The first of these scholars was Imâm Abû-Hanîfa Al-Nu’mân ibn Thâbit, born at Basra [80 A.H.] [A.D. 699] – died A.D. 767 – His centre of activity was at Kufa. The basis of his analogical reasoning, known by qiyâs [analogy] was the Glorious Qu’ran, and he accepted hâdîth only when he was fully satisfied as to its authenticity. The great collector of hâdîth had not yet commenced their work of collection, and Kûfa itself was not a great centre of the branch of learning. It was Imâm Abû-Hanîfa who first directed attention to the great value of qiyâs or analogical reasoning in legislation which was held by Muslims to be fourth foundation of the Islamic jurisprudence after the source of ijmâ’. The principle of qiyâs will be dealt with later. Imâm Abâ Hanîfa had two renowned disciples, Imâm Muhammad Ibn Al-Hassan and Imâm Abû-Yûsuf, and it is mostly their view of the great master’s teaching that now forms the basis of the Hanafi School system.
Next comes Imâm Mâlik ibn Anas, the second great scholar. He was born at Medîna in the year 93 A.H. [A.D. 713], and worked and died there at the age of 82. He limited himself almost entirely to the hadîth which he found and collected at Al-Medina, relating more especially to the practice which prevailed there, and his system of jurisprudence is based entirely on the traditions and practices of the people of Al-Medina.

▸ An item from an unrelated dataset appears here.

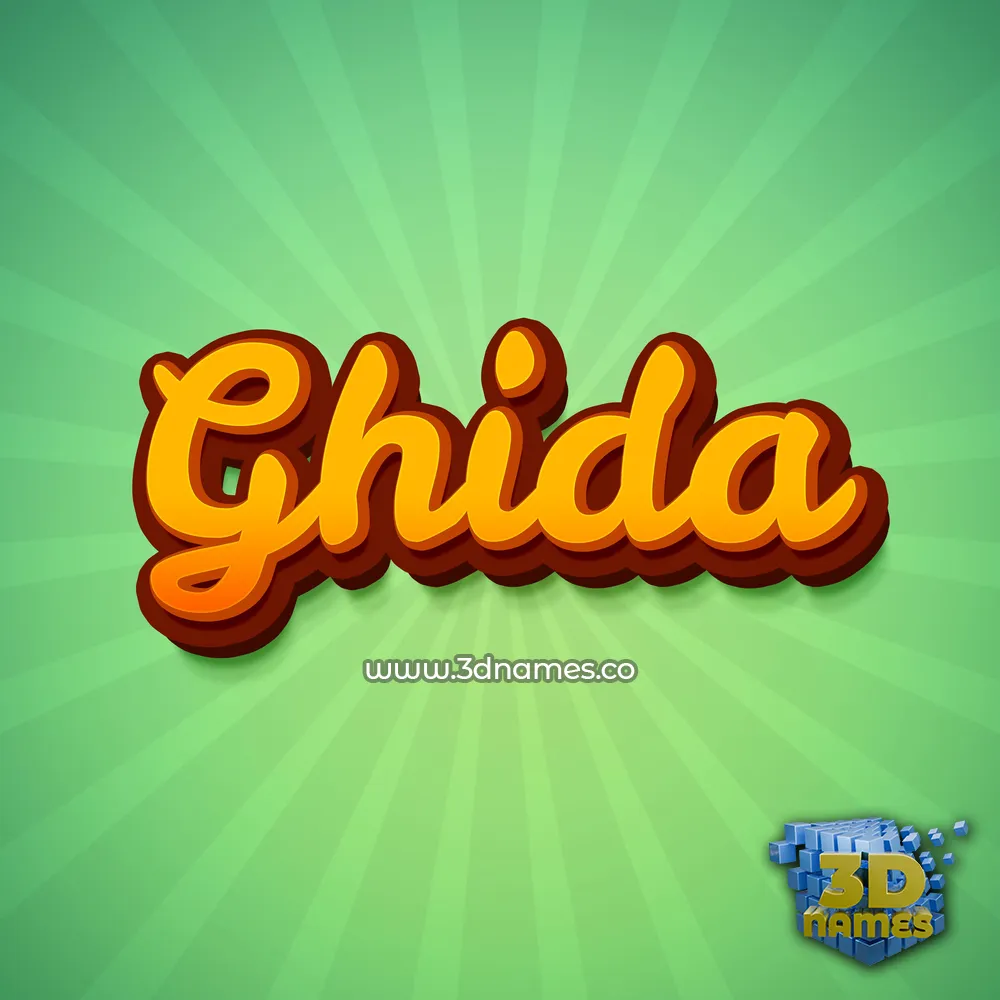 ghida in Green Rays style - 3D name wallpaper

His book, known as Muwatta, is the first collection of hadîth and one of the most authoritative books of tradition and Sunnah.
The third of great scholar was Imâm Muhammad ibn Idris Alshâf’I, he was born in Palestine in the year 150 A.H. [A.D. 767]. He passed his youth at Makkah but he worked for the most part in Egypt, where he died in 204 A.H. In his day, he was unrivalled for his knowledge of the Glorious Qu’ran, and took immense pains in studying the Sunnah, travelling from one place to another in search of information. His school was based chiefly on Sunnah. Over the Mâliki system, which is also based on Sunnah, the Shâf’i system has the advantage that the hadîth made use of by Imâm Shâf’i was more extensive, and was collected from different centres, while Imâm Mâlik contented himself only with what he found at Al-Medina.
Imâm Ahmad Ibn Hanbal
Last of the four great Imâms was Imâm Ahmad ibn Hanbal, who was born at Baghdâd in the year 164 A.H. and died there in 241 A.H. he too made a very extensive study of hadîth. His famous work on the subject is known as Musnad of Ahmad ibn Hanbal, containing thousands of hadîths. This monumental compilation is based on the material collected by the Imâm himself. His collection of hadîths is not arranged according to subject matter but under the name of the companion to whom a hadîth is ultimately traced.
While the system of Abû-Hanîfa applied reasoning very freely and sought to deduce all questions from the Glorious Qu’ran by the help of reason, the system of Ibn Hanbal is distinguished by the fact that it makes reserved use of reason and judgment.